There is no doubt that Tunisia represents the success story of the Arab Spring. Tunisia was the first Arabic-speaking country to adopt a constitution in 1861. It was the first MENA country to lead a series of rebellions against Big Brother. It was the sole MENA country to not fall into the trap of civil war. It was the sole MENA country where politicians prioritized the greater good of the people over their own interests by cooperating with the Quartet and coordinating with different stakeholders to avoid the crises lurking behind every corner.

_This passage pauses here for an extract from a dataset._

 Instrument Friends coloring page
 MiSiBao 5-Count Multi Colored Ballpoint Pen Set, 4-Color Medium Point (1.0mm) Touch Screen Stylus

Tunisia is not only the success story of the MENA region but also the success story of the whole world. Wait for it—I am neither attempting to sound poetic nor to make this statement for metaphorical effect. Back in 2002, the United States of America, Russia, the European Union and the United Nations attempted to form a Middle East Quartet which aimed at promoting for a peace agreement between Palestine and Israel. The Quartet failed to accomplish its mission. The reasons behind this failure are numerous. The contexts might be too different for one to make such a comparison, but still, the Middle East Quartet failures help to highlight the strengths of the Tunisian Quartet which revolve around the members’ moral authority and political credibility.

Media Reaction

The majority of foreign media outlets were not acquainted with the accomplishments of the Tunisian National Dialogue Quartet. Some of them tried to provide their audiences with as many details about the Quartet as possible and posed the question of whether or not this Quartet deserved the prize. Others displayed a negative attitude towards the announcement.

In one of its articles about the Noble Peace Prize, The New Yorker used words and expressions that belittled the Quartet’s accomplishments: “four little-known groups“, “a little North African country of only eleven million people“, “a sliver of a country“, “any semblance of order“, “it’s still only a semblance“.

The New York Times said in its editorial about the prize that “there is no guarantee that Tunisia, which is not free of political and social strife, will live up to the promise of this year’s award”.

Another media outlet, Bloomberg View, talked about Ghannouchi from a rather different angle than that taken by most media. Noah Feldman, a professor of constitutional and international law at Harvard, stated in his article that “Ghannouchi has been criticized by hard-line Salafists who think he sold out Islam, and many secularists continue to think he’s secretly a hard-liner himself“. He added that “he may never win the Nobel himself. But without him, Tunisia couldn’t have won it either“.

Even though a few foreign media outlets, intentionally or unintentionally, minimized the worthiness of the Tunisian Quartet of this prize, the above-mentioned facts cannot be disregarded, and the committee responsible cannot be questioned.

Edited on October 18, 2015, at 13:33.